What's the difference between those statements?

Question

These days, I'm working on some problems regarding ACM-ICPC (although I already graduated.. just for fun..). Yesterday, I nearly became crazy because there is an online judge which always said "WRONG ANSWER" to code I'd written. And finally after more than horrible 10 hours, I realized that a following statement was the reason.

   int target = (int)((double)(M * 100) / N) + 1;          // RIGHT!!
   int target = (int)((double) M / N * 100) + 1;            // WRONG!!

I couldn't exactly know how and why the first statement behaves differently from the second one. Because I'm not allowed to see test cases which are used by the judge, it's a little hard for me to understand when the code can go wrong. Is there anybody who can explain to me?
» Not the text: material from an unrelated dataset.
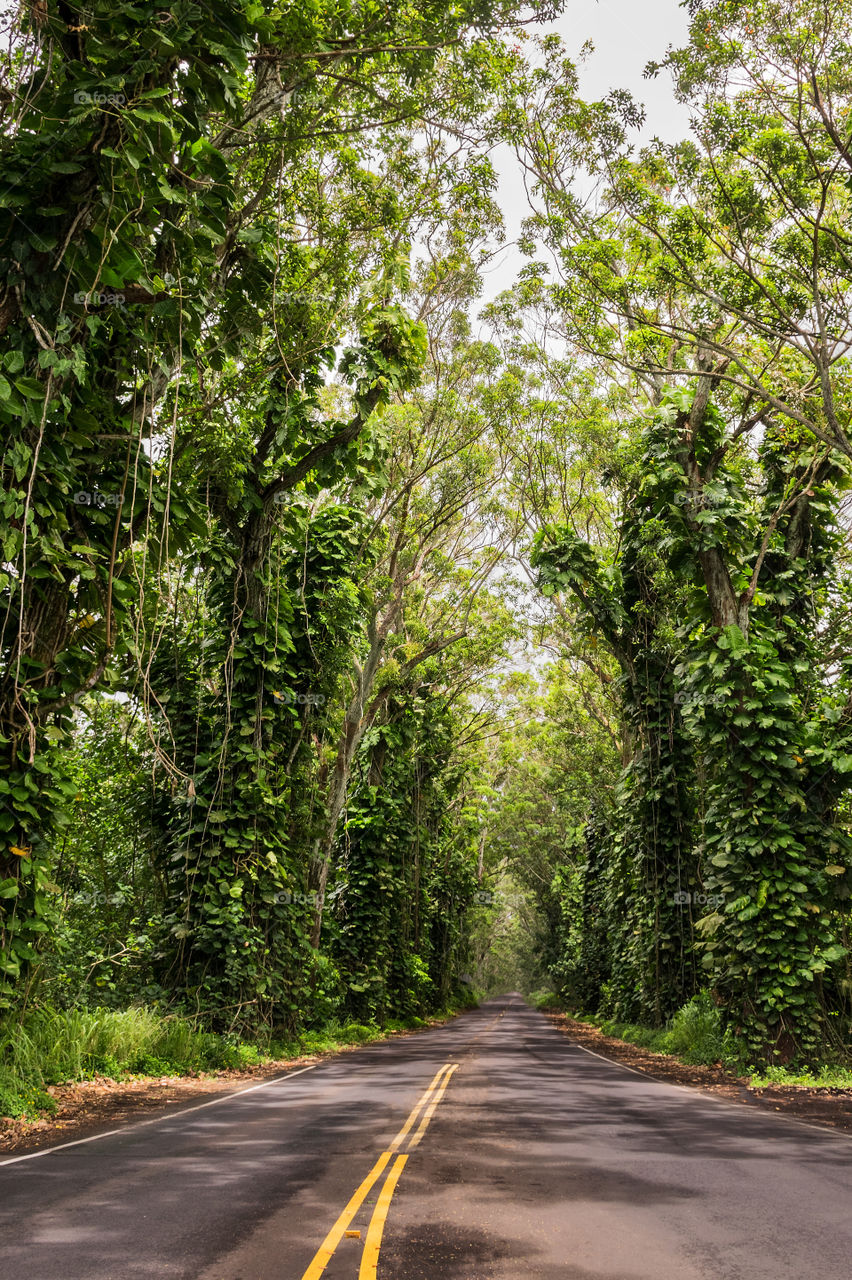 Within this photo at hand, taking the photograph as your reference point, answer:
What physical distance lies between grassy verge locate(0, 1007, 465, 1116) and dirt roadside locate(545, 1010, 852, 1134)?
22.1 ft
Thank you.

       * I'm using Java.

Answer 1

As far as I can tell, the result of these two expressions

(double)(M * 100) / N
(double) M / N * 100

is the same EXCEPT for floating point precision errors (and also for possible overflows, but let us ignore them here since both lines are susceptible to them, albeit in a different way). These errors COULD cause the values to be one slightly above or equal to an integer, and one slightly below the same integer, which would cause

(int)((double)(M * 100) / N)
(int)((double) M / N * 100)

to differ by one. In general, when dealing with floating point, you have more chances to get closer to the "real" value if you leave the division as the last operation.

There is one further consideration, which can get quite tricky: you have no parentheses around (double)M/N in your second line. This MIGHT give additional freedom to an optimizer, which could make the result dependent on the optimization level. I don't know whether this can happen in Java.

As for the order of operations, I tried out this particular case in C (because that's quicker for me):

int i, j, k;
for (i = 1; i <= 100; i++) {
   j = (int)(((double)i / 100) * 100);
   if (i != j) {
      printf("%d -> %d\n", i, j);
   }
   k = (int)(((double)i * 100) / 100);
   if (i != k) {
      printf("%d ?? %d\n", i, k);
   }
}

and the output on my machine is

29 -> 28
57 -> 56
58 -> 57

Replacing 100 with 10000000 yields 587200 lines of the same kind (i.e., an error rate of 5.872%)